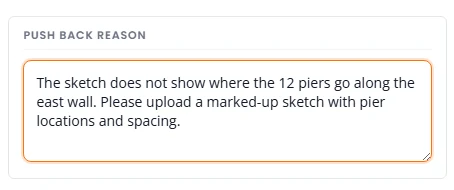 The Push Back Reason box in the Triage review window, with a reason typed in: the sketch does not show where the 12 piers go along the east wall, please upload a marked-up sketch with pier locations and spacing.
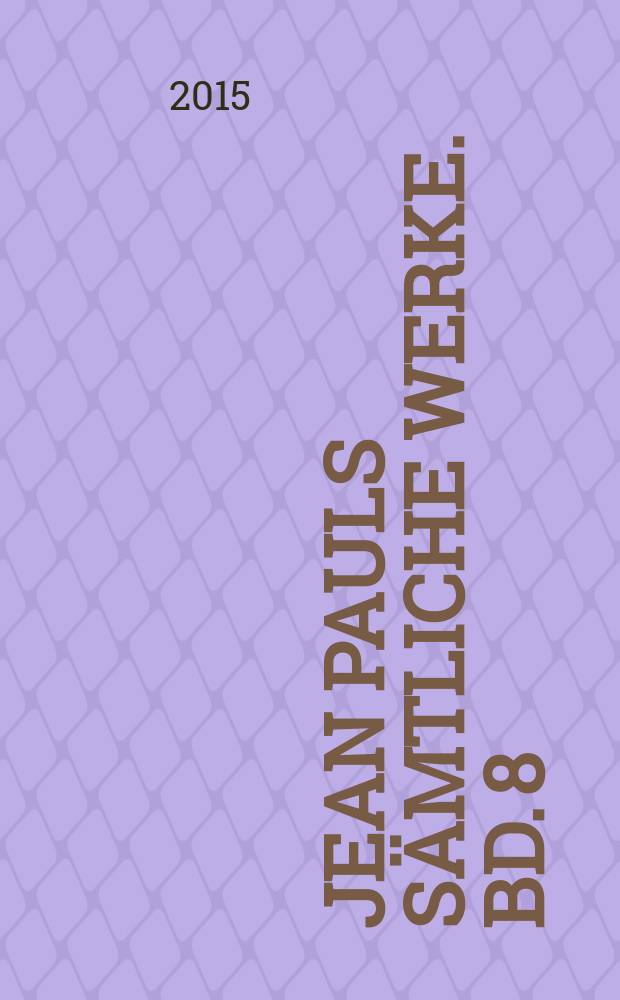Jean Pauls Sämtliche Werke. Bd. 8 : Briefe an Jean Paul, 1820-1825 = Письма Жана Поля, 1820-1825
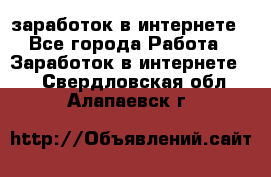  заработок в интернете - Все города Работа » Заработок в интернете   . Свердловская обл.,Алапаевск г.
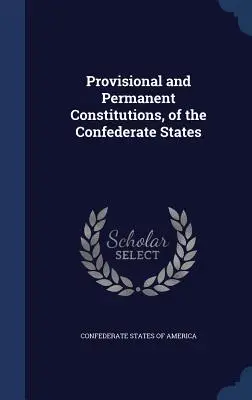 Tymczasowe i stałe konstytucje Stanów Skonfederowanych - Provisional and Permanent Constitutions, of the Confederate States
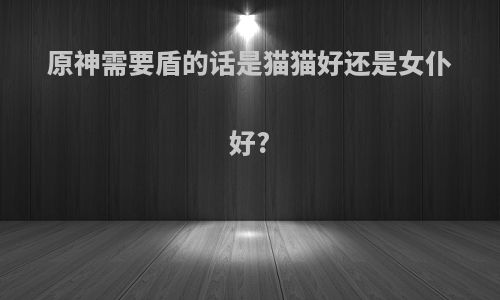 原神需要盾的话是猫猫好还是女仆好?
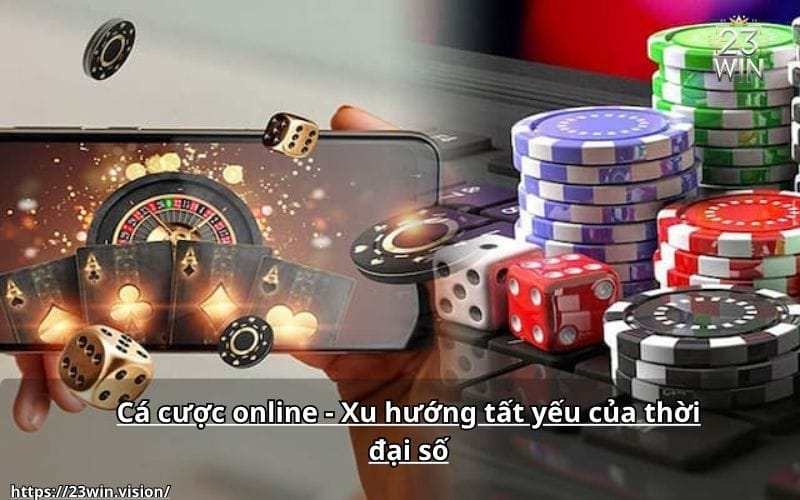 Cá cược online - Xu hướng tất yếu của thời đại số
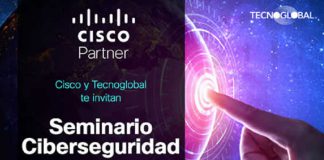 Cisco y Tecnoglobal lo invitan a un seminario de Ciberseguridad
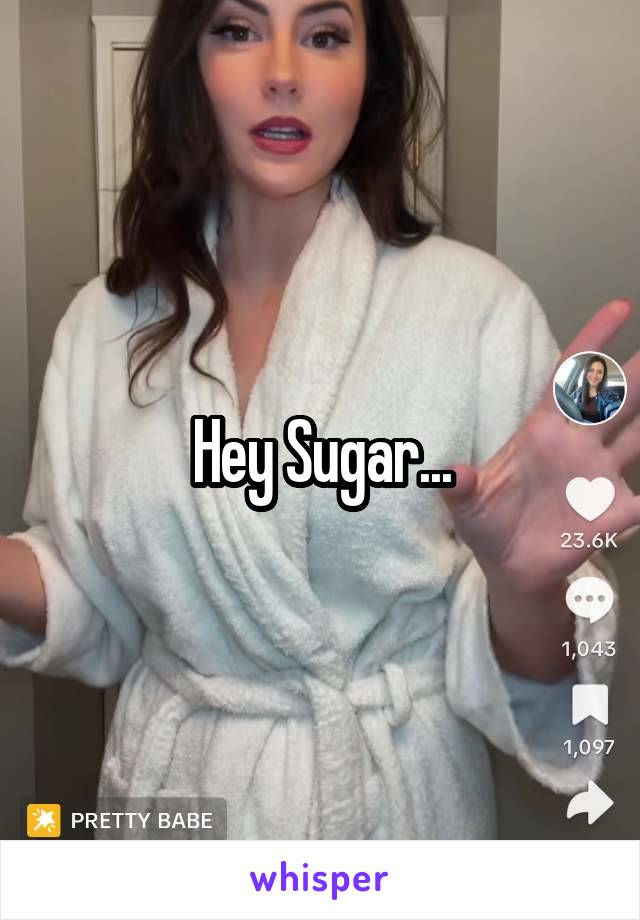 Hey Sugar...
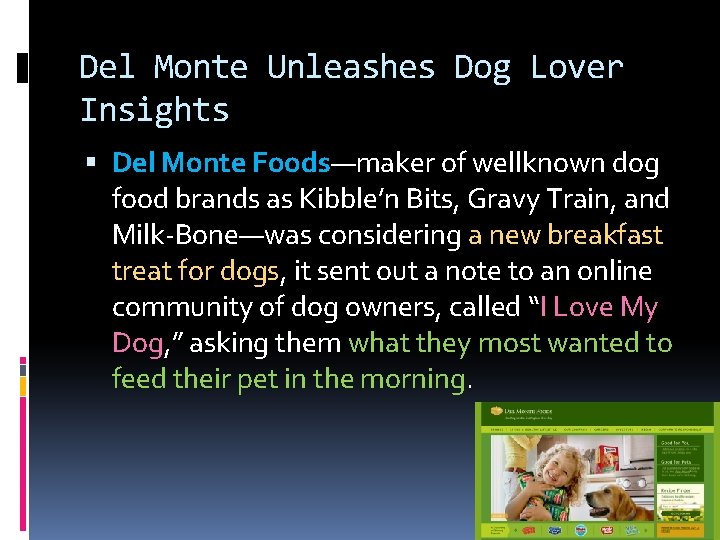 Del Monte Unleashes Dog Lover Insights Del Monte Foods—maker of wellknown dog food brands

REQUIREMENT:
Please take the lines from the beginning of the data above through the line holding "заработок в интернете - Все" and transcribe them exactly, without any pictures.

WRITTEN REPLY:
 The Push Back Reason box in the Triage review window, with a reason typed in: the sketch does not show where the 12 piers go along the east wall, please upload a marked-up sketch with pier locations and spacing.
Jean Pauls Sämtliche Werke. Bd. 8 : Briefe an Jean Paul, 1820-1825 = Письма Жана Поля, 1820-1825
  заработок в интернете - Все города Работа » Заработок в интернете   . Свердловская обл.,Алапаевск г.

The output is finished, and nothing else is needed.